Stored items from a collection
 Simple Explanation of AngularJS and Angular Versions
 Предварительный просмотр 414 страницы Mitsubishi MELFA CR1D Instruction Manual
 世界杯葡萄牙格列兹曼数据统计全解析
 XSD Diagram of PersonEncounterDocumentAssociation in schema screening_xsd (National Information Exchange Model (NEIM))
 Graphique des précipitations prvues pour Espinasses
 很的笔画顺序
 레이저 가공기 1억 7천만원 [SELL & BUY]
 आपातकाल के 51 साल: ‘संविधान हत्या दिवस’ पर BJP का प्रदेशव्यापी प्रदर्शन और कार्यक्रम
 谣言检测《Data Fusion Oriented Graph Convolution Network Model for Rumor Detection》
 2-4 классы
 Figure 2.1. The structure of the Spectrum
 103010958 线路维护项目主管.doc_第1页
...
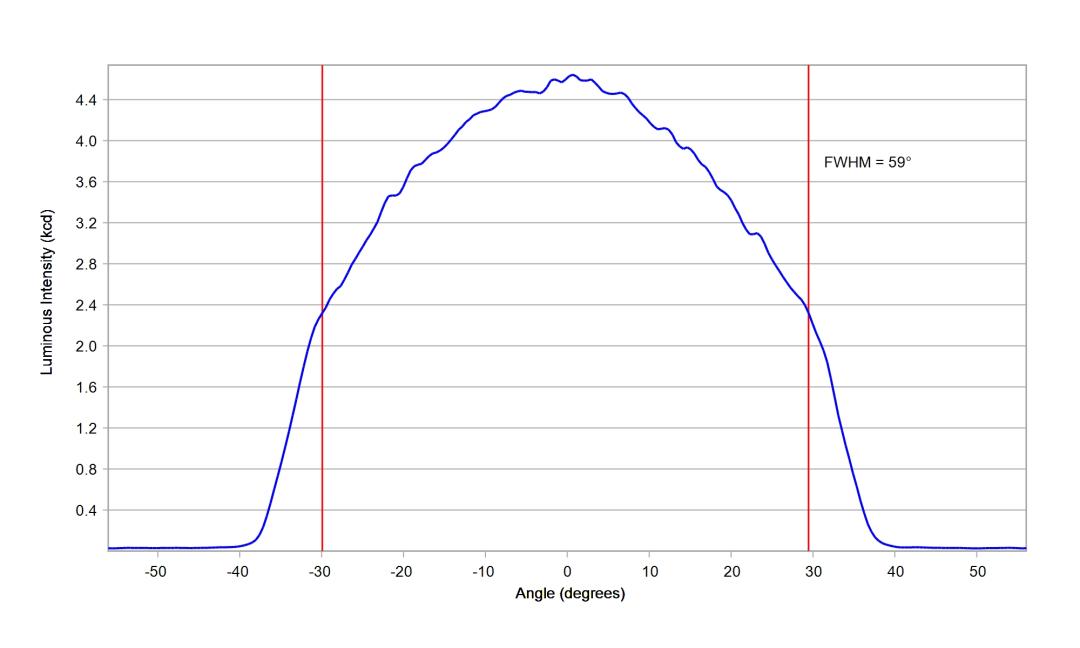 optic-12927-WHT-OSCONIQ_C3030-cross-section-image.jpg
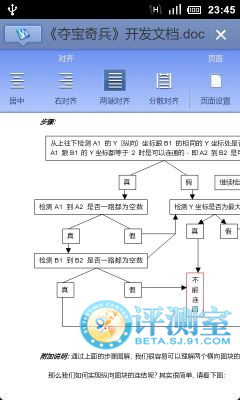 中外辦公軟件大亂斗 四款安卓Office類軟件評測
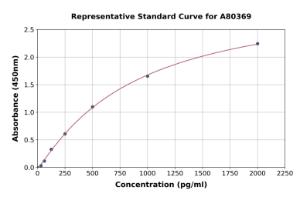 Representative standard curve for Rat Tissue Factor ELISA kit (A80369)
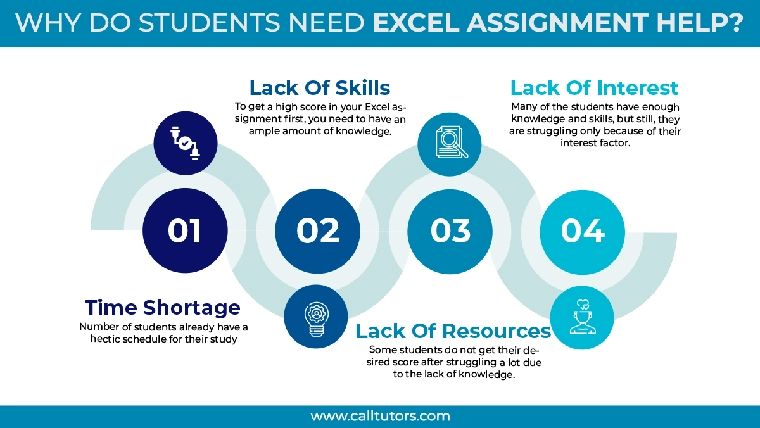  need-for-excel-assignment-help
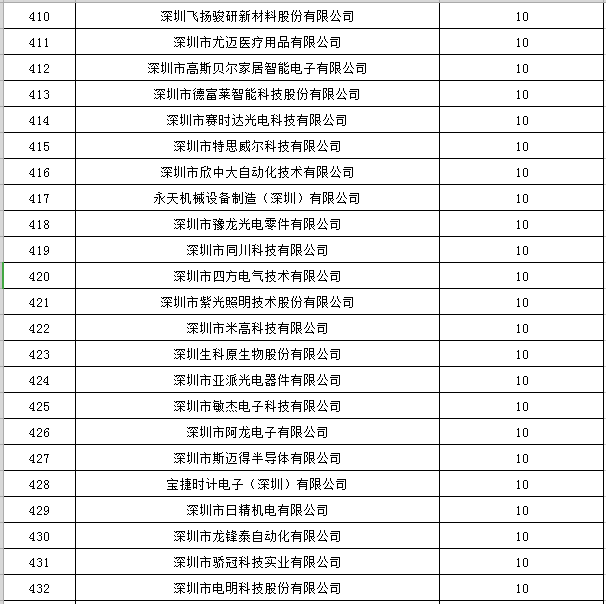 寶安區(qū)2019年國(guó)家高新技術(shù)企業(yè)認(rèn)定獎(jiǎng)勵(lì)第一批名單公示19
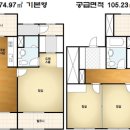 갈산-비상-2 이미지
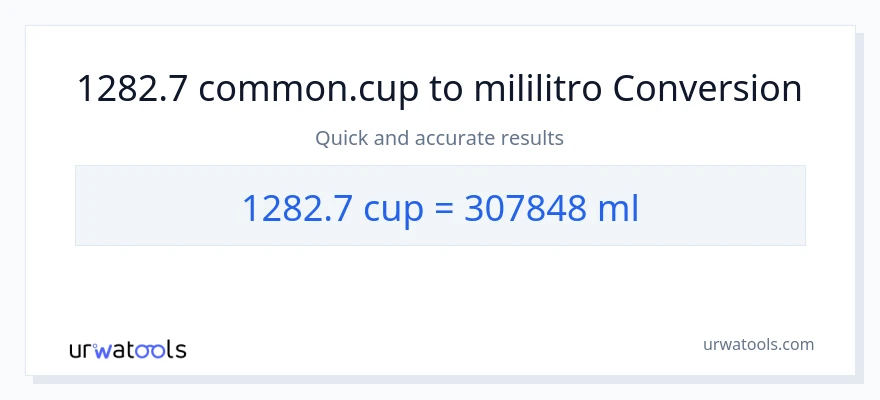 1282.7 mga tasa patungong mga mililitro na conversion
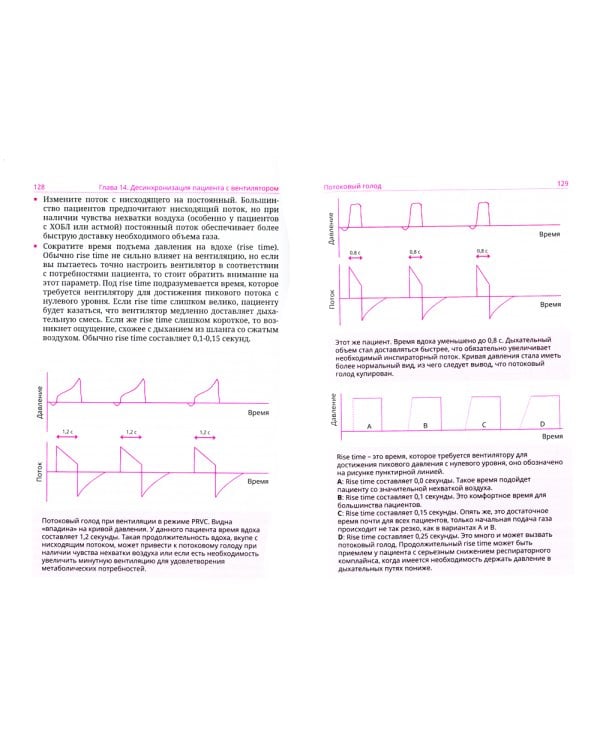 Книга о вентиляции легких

**Your task**
The lines above, starting at the one with "Graphique des précipitations" and ending at the one with "103010958 线路维护项目主管.doc_第1页", are the only ones to return, exactly as written.

**Answer to the problem**
 Graphique des précipitations prvues pour Espinasses
 很的笔画顺序
 레이저 가공기 1억 7천만원 [SELL & BUY]
 आपातकाल के 51 साल: ‘संविधान हत्या दिवस’ पर BJP का प्रदेशव्यापी प्रदर्शन और कार्यक्रम
 谣言检测《Data Fusion Oriented Graph Convolution Network Model for Rumor Detection》
 2-4 классы
 Figure 2.1. The structure of the Spectrum
 103010958 线路维护项目主管.doc_第1页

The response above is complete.